What this task involves
Nothing but the lines from the one with "Embroidered Eyelet Cotton" down to the one with "Homme compare contrats" should be returned, exactly and with both ends included, from the material below.

Given records
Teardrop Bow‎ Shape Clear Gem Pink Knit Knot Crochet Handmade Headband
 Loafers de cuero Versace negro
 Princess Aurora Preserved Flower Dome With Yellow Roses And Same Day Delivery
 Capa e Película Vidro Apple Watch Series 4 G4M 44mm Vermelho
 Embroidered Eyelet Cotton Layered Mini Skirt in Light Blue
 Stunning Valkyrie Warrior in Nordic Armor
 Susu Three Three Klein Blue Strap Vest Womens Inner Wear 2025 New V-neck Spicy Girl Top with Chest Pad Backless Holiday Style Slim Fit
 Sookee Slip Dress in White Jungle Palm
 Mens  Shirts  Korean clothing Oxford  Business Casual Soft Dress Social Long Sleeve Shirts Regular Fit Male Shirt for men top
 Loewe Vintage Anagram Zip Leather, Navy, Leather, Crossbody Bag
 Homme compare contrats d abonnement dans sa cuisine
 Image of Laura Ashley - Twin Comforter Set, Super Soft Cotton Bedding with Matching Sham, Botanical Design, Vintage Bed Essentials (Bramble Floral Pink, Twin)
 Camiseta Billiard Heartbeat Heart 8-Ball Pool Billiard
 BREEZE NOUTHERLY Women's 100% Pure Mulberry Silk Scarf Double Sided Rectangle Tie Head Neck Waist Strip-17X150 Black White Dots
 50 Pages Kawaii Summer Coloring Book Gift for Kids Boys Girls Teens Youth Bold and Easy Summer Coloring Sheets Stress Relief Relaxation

Response to the exercise
 Embroidered Eyelet Cotton Layered Mini Skirt in Light Blue
 Stunning Valkyrie Warrior in Nordic Armor
 Susu Three Three Klein Blue Strap Vest Womens Inner Wear 2025 New V-neck Spicy Girl Top with Chest Pad Backless Holiday Style Slim Fit
 Sookee Slip Dress in White Jungle Palm
 Mens  Shirts  Korean clothing Oxford  Business Casual Soft Dress Social Long Sleeve Shirts Regular Fit Male Shirt for men top
 Loewe Vintage Anagram Zip Leather, Navy, Leather, Crossbody Bag
 Homme compare contrats d abonnement dans sa cuisine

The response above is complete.